The head of the Central Indiana Small Business Development Center resigned this month following a rift over who might host the agency.
Mary Jane Gonzalez, who came on board as executive director of the Central Indiana SBDC in July 2003, left to become director of business development at Mezzetta Construction Inc.
Gonzalez’s departure leaves the Central Indiana SBDC, where budding entrepreneurs can seek advice without paying high consulting fees, without a leader for the third time in roughly three years. The center, one of 12 in the state’s Small Business Development Center Network, previously had gone leaderless during a two-year stint from 2000 to 2002.
The local agency also has not had a host sponsor since February 2001, when the Indiana University School of Public and Environmental Affairs pulled its sponsorship. Hosts provide office space and funding for equipment, which is needed to help match federal funding. Alabama-based Regions Bank has donated space to the center at One Indiana Square for about 18 months.
The University of Indianapolis is in discussions with the Central Indiana SBDC and its parent agencies, the SBDC Network and the U.S. Small Business Administration, about becoming the host sponsor. Both Debbie Bishop Trocha, executive director of the SBDC Network, and Gail Gesell, director of the SBA’s Indiana district office, favor a partnership with U of I.
Meanwhile, Gonzalez thought she had located a permanent host in the Indiana Business Development Council, formerly known as the Indiana Regional Minority Supplier Development Council. “When I found this host, there didn’t seem to be a lot of interest,” she said. “It kind of pushed things over the line for me, because I felt I had met my objective.”
Gonzalez viewed the minority-based council as an ideal host, especially since it had 1,000 square feet of space that was vacated at the end of March by the SBA’s Business Information Center. The SBA cut the BIC program due to budget constraints, although in Indianapolis, New York-based JPMorgan Chase Bank funds the space. The lease is paid through 2006, said Reggie Henderson, executive director of the IBDC.
Henderson was prepared to present the proposal for IBDC to serve as the host to his board, but first needed to know whether the Central Indiana SBDC was still in talks with the U of I, he said.
A spokesman for the U of I and Trocha said those discussions are continuing.
“We’re no different than any other company, so to speak,” Trocha said. “If we start talking with someone, we need to see that through. Until that reaches a conclusion, we’re not going to go into negotiations with anyone else.”
Prior to Gonzalez’s arrival, the Central Indiana SBDC had been temporarily housed in the SBDC Network’s offices at the One North Capitol Building. It previously had lost its location on Senate Avenue after the IU School of Public and Environmental Affairs dropped its support in early 2001.
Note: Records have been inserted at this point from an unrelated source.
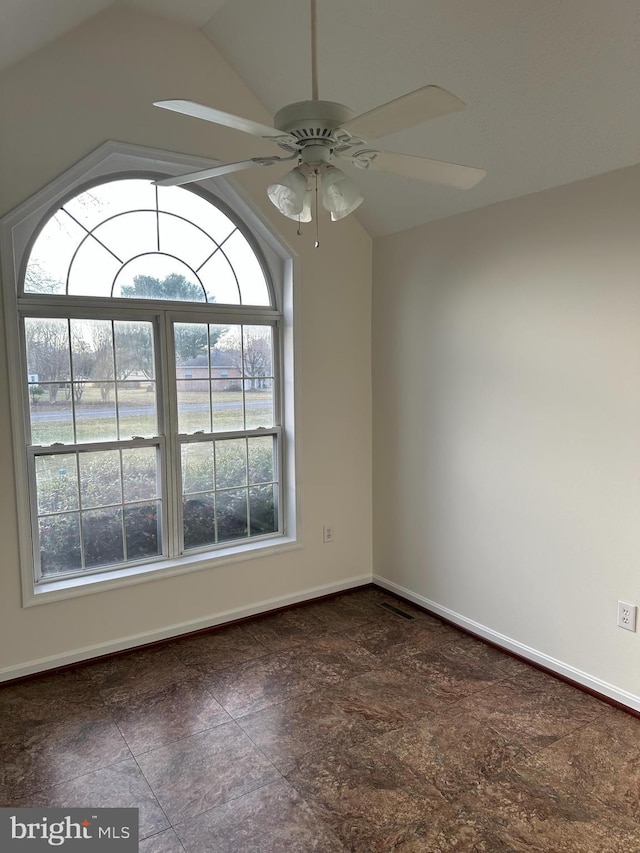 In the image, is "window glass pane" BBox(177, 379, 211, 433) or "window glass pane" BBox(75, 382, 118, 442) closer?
"window glass pane" BBox(75, 382, 118, 442)

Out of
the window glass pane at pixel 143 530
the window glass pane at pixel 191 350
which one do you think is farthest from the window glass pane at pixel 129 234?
the window glass pane at pixel 143 530

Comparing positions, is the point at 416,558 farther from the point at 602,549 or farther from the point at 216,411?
the point at 216,411

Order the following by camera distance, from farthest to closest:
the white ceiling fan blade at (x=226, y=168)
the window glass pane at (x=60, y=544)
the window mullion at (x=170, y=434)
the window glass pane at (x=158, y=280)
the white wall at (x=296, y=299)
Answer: the window mullion at (x=170, y=434) < the window glass pane at (x=158, y=280) < the window glass pane at (x=60, y=544) < the white wall at (x=296, y=299) < the white ceiling fan blade at (x=226, y=168)

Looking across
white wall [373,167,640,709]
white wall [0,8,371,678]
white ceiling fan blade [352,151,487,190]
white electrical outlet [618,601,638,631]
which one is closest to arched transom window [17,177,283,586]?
white wall [0,8,371,678]

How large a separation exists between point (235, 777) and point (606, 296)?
2.49 meters

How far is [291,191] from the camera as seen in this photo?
175 cm

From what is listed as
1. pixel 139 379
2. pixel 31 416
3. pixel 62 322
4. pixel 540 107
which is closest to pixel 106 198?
pixel 62 322

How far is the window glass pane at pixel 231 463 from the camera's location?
11.6 ft

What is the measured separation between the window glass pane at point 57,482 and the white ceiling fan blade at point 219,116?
2.02 m

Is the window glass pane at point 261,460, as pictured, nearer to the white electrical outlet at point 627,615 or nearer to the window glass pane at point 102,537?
the window glass pane at point 102,537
Nearly two years later, in November 2002, Edgar R. “Sandy” Levine arrived to lead the center. He lasted less than a year due to the center’s financial problems. Bill Cafaro, senior vice president and small-business financial services manager for JPMorgan Chase and an advisory board member for the Central Indiana SBDC, supported Gonzalez during her tenure.
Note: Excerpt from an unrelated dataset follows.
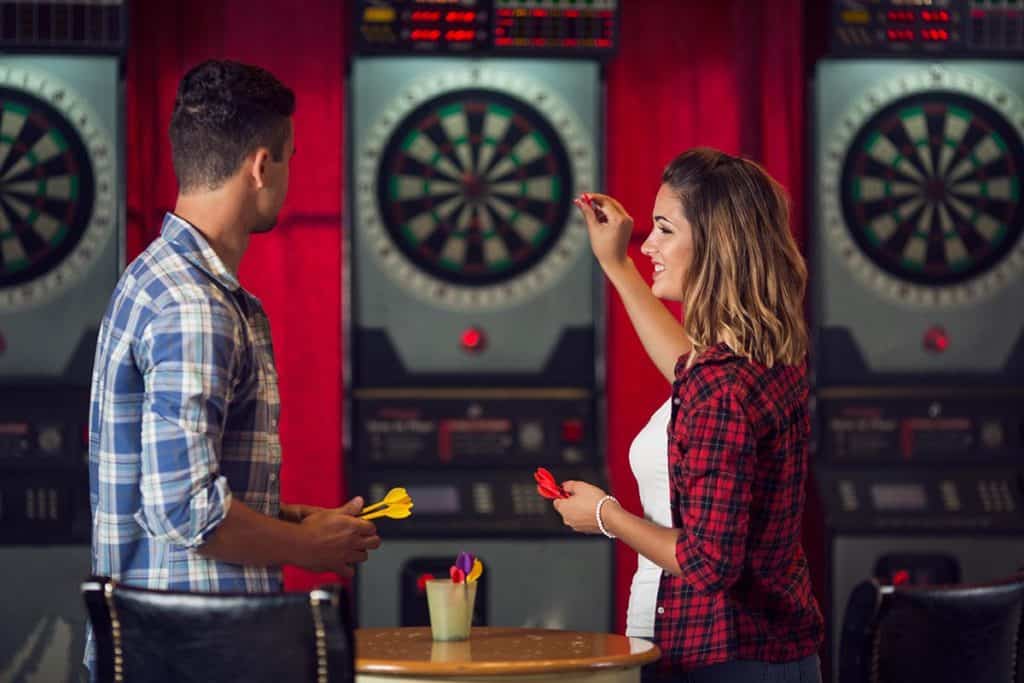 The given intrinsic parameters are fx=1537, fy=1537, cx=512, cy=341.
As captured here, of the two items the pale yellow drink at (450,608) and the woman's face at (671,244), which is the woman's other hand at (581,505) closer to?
the pale yellow drink at (450,608)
“She did a remarkable job bringing the center back to a certain degree of prominence,” Cafaro said. “I don’t see this as an indication that there is a problem with the center. From my perspective, it’s pretty healthy right now.”
The center this year received $34,000 from the city, $66,000 from the state and $202,000 from the federal government, half of which must be matched. Instead of trying to get one organization to hand over the entire $101,000, the center had shifted gears and attempted to solicit several contributors. Gonzalez had $38,000 left to raise when she left, she said.
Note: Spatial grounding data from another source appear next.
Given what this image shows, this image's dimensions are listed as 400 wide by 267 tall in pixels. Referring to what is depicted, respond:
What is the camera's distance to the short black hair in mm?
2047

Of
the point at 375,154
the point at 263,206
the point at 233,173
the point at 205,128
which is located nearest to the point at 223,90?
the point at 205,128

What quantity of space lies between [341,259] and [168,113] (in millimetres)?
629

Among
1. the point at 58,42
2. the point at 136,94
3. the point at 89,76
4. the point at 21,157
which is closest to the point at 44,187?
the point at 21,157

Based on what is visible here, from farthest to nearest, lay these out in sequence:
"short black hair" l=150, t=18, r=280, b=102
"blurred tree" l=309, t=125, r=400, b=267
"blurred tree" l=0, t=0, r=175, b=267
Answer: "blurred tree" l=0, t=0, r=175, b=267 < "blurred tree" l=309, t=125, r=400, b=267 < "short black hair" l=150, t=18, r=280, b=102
Trocha is conducting a search for a replacement and said she hopes to have someone in place by the first of August.
Scott Burns, vice president of SBA credit services at Cleveland-based National City Bank of Indiana, who is chairman of the center’s advisory board, said he and fellow directors think the center still can be successful.
“The board really supports it and wants it to work, and I think it is,” Burns said. “There are a lot of positive things that are being done by the staff.”
Gonzalez, meanwhile, said she feels good about what she accomplished during her short stay. While the spat over a sponsor might have contributed to her hasty departure, she also said the opportunity to join the Hispanic-owned Mezzetta Construction was something she could not refuse.
The northwest-side construction manager hired Gonzalez to locate federal contracting opportunities now that the company is federally certified as a minority- and womanowned business. The company, operated by Remo and Darlene Mezzetta, is the 17thlargest minority-owned business in the city, according to IBJ research.
In 2001, Gonzalez founded the Indiana State Hispanic Chamber of Commerce, which is now led by her husband, Manuel.